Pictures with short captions
....

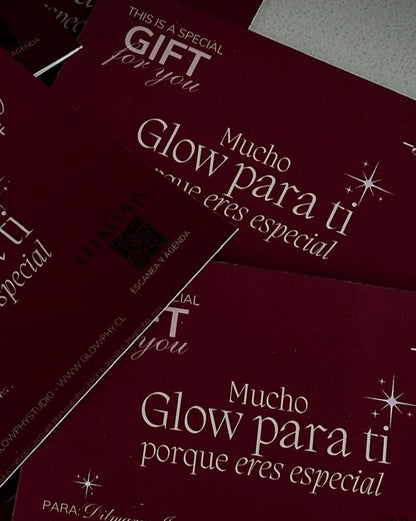 Pack regala GLOW en navidad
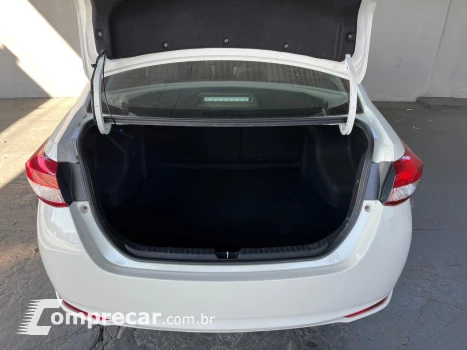 YARIS XS Sedan 1.5 Flex 16V 4p Aut.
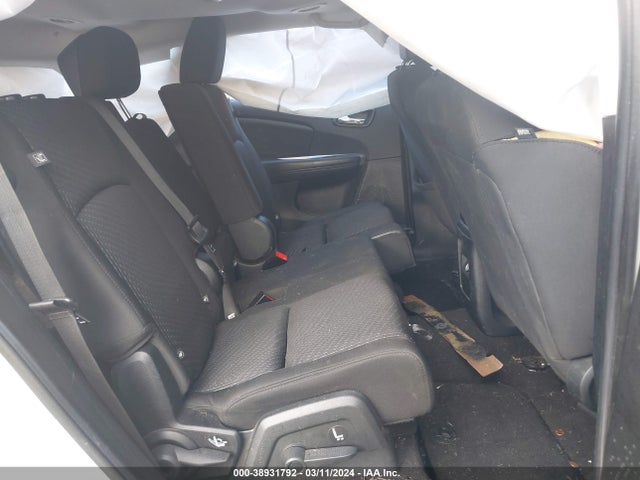 Dodge Journey Se Awd 2018 3C4PDDAG5JT249727 Image 8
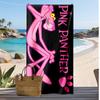 Palmeiras Printed Beach Towel Quick Dry Soft TowelPortable Large Rectangular Beach Blanket for Travel Swimming Pool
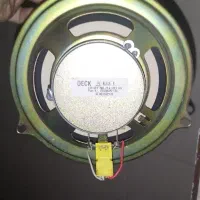 یک جفت باند و یک ضبط فابریک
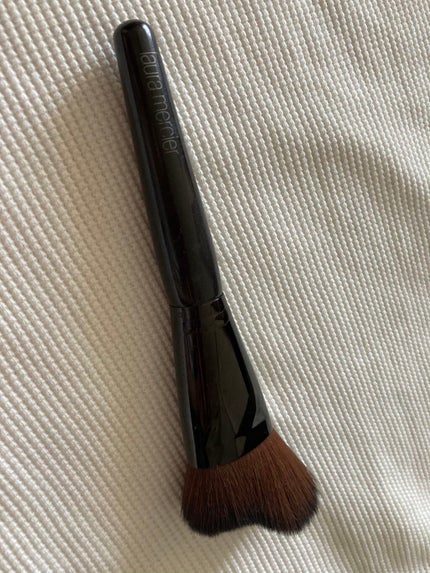 グロウパウダー ブラシ/ローラ メルシエ/メイクブラシを使ったクチコミ(1枚目)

....

-- TASK ITEM --
Please transcribe exactly the lines from the one containing "YARIS XS Sedan 1.5 Flex 16V 4p Aut." through the last line of the records above, both included, and leave out every picture.

-- RESULT OF THE TASK --
 YARIS XS Sedan 1.5 Flex 16V 4p Aut.
 Dodge Journey Se Awd 2018 3C4PDDAG5JT249727 Image 8
 Palmeiras Printed Beach Towel Quick Dry Soft TowelPortable Large Rectangular Beach Blanket for Travel Swimming Pool
 یک جفت باند و یک ضبط فابریک
 グロウパウダー ブラシ/ローラ メルシエ/メイクブラシを使ったクチコミ(1枚目)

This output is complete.